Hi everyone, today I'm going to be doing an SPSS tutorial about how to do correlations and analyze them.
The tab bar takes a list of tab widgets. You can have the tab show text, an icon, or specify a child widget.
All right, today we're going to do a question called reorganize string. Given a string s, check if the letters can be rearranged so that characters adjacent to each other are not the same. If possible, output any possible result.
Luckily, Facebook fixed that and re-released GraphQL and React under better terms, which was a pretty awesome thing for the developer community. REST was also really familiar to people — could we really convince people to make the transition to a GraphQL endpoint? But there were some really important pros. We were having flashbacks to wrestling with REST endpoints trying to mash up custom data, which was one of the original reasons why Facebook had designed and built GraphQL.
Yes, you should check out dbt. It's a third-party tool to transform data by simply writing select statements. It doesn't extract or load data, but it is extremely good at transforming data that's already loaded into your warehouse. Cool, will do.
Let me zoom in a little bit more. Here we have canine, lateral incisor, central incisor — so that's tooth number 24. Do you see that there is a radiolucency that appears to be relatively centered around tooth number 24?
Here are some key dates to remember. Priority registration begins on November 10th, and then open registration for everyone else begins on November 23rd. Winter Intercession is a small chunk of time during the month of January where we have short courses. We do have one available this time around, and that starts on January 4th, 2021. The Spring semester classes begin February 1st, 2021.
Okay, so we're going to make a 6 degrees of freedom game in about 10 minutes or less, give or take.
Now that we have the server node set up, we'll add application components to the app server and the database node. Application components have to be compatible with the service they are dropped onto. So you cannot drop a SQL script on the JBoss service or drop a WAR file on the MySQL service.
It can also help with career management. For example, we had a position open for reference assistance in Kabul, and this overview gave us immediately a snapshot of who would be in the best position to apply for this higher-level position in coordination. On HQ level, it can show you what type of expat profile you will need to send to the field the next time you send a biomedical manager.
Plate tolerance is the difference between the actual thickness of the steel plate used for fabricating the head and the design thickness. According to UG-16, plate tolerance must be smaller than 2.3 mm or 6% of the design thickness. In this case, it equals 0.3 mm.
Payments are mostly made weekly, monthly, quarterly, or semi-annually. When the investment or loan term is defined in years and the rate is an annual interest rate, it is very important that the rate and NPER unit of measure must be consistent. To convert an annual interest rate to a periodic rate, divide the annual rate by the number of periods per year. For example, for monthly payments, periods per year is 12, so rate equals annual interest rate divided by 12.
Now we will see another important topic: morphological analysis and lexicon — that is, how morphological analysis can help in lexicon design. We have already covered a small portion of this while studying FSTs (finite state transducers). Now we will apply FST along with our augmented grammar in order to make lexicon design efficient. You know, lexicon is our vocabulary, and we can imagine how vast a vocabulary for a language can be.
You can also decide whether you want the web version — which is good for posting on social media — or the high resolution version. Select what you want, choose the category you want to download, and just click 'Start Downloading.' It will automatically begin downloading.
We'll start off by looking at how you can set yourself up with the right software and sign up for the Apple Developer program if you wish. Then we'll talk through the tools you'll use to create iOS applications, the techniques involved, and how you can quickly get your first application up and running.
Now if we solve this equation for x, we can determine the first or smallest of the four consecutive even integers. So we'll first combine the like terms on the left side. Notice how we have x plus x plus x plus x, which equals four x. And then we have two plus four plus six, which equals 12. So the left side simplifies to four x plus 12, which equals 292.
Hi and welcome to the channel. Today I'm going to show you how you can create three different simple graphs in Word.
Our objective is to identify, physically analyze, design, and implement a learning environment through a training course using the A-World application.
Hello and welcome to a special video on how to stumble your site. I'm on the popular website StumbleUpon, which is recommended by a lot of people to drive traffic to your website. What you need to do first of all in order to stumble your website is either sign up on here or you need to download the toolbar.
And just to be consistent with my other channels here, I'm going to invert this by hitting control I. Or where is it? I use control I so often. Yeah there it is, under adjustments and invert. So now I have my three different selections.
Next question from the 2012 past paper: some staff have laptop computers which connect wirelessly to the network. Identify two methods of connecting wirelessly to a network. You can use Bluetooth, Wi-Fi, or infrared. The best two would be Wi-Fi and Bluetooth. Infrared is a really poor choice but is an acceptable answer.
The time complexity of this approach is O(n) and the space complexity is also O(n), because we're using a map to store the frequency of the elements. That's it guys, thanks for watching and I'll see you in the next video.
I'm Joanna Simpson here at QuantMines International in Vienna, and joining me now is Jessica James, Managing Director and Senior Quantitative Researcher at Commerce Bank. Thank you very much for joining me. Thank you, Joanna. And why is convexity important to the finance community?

Work to complete: Every line of the data should be copied exactly.

Reply:
Hi everyone, today I'm going to be doing an SPSS tutorial about how to do correlations and analyze them.
The tab bar takes a list of tab widgets. You can have the tab show text, an icon, or specify a child widget.
All right, today we're going to do a question called reorganize string. Given a string s, check if the letters can be rearranged so that characters adjacent to each other are not the same. If possible, output any possible result.
Luckily, Facebook fixed that and re-released GraphQL and React under better terms, which was a pretty awesome thing for the developer community. REST was also really familiar to people — could we really convince people to make the transition to a GraphQL endpoint? But there were some really important pros. We were having flashbacks to wrestling with REST endpoints trying to mash up custom data, which was one of the original reasons why Facebook had designed and built GraphQL.
Yes, you should check out dbt. It's a third-party tool to transform data by simply writing select statements. It doesn't extract or load data, but it is extremely good at transforming data that's already loaded into your warehouse. Cool, will do.
Let me zoom in a little bit more. Here we have canine, lateral incisor, central incisor — so that's tooth number 24. Do you see that there is a radiolucency that appears to be relatively centered around tooth number 24?
Here are some key dates to remember. Priority registration begins on November 10th, and then open registration for everyone else begins on November 23rd. Winter Intercession is a small chunk of time during the month of January where we have short courses. We do have one available this time around, and that starts on January 4th, 2021. The Spring semester classes begin February 1st, 2021.
Okay, so we're going to make a 6 degrees of freedom game in about 10 minutes or less, give or take.
Now that we have the server node set up, we'll add application components to the app server and the database node. Application components have to be compatible with the service they are dropped onto. So you cannot drop a SQL script on the JBoss service or drop a WAR file on the MySQL service.
It can also help with career management. For example, we had a position open for reference assistance in Kabul, and this overview gave us immediately a snapshot of who would be in the best position to apply for this higher-level position in coordination. On HQ level, it can show you what type of expat profile you will need to send to the field the next time you send a biomedical manager.
Plate tolerance is the difference between the actual thickness of the steel plate used for fabricating the head and the design thickness. According to UG-16, plate tolerance must be smaller than 2.3 mm or 6% of the design thickness. In this case, it equals 0.3 mm.
Payments are mostly made weekly, monthly, quarterly, or semi-annually. When the investment or loan term is defined in years and the rate is an annual interest rate, it is very important that the rate and NPER unit of measure must be consistent. To convert an annual interest rate to a periodic rate, divide the annual rate by the number of periods per year. For example, for monthly payments, periods per year is 12, so rate equals annual interest rate divided by 12.
Now we will see another important topic: morphological analysis and lexicon — that is, how morphological analysis can help in lexicon design. We have already covered a small portion of this while studying FSTs (finite state transducers). Now we will apply FST along with our augmented grammar in order to make lexicon design efficient. You know, lexicon is our vocabulary, and we can imagine how vast a vocabulary for a language can be.
You can also decide whether you want the web version — which is good for posting on social media — or the high resolution version. Select what you want, choose the category you want to download, and just click 'Start Downloading.' It will automatically begin downloading.
We'll start off by looking at how you can set yourself up with the right software and sign up for the Apple Developer program if you wish. Then we'll talk through the tools you'll use to create iOS applications, the techniques involved, and how you can quickly get your first application up and running.
Now if we solve this equation for x, we can determine the first or smallest of the four consecutive even integers. So we'll first combine the like terms on the left side. Notice how we have x plus x plus x plus x, which equals four x. And then we have two plus four plus six, which equals 12. So the left side simplifies to four x plus 12, which equals 292.
Hi and welcome to the channel. Today I'm going to show you how you can create three different simple graphs in Word.
Our objective is to identify, physically analyze, design, and implement a learning environment through a training course using the A-World application.
Hello and welcome to a special video on how to stumble your site. I'm on the popular website StumbleUpon, which is recommended by a lot of people to drive traffic to your website. What you need to do first of all in order to stumble your website is either sign up on here or you need to download the toolbar.
And just to be consistent with my other channels here, I'm going to invert this by hitting control I. Or where is it? I use control I so often. Yeah there it is, under adjustments and invert. So now I have my three different selections.
Next question from the 2012 past paper: some staff have laptop computers which connect wirelessly to the network. Identify two methods of connecting wirelessly to a network. You can use Bluetooth, Wi-Fi, or infrared. The best two would be Wi-Fi and Bluetooth. Infrared is a really poor choice but is an acceptable answer.
The time complexity of this approach is O(n) and the space complexity is also O(n), because we're using a map to store the frequency of the elements. That's it guys, thanks for watching and I'll see you in the next video.
I'm Joanna Simpson here at QuantMines International in Vienna, and joining me now is Jessica James, Managing Director and Senior Quantitative Researcher at Commerce Bank. Thank you very much for joining me. Thank you, Joanna. And why is convexity important to the finance community?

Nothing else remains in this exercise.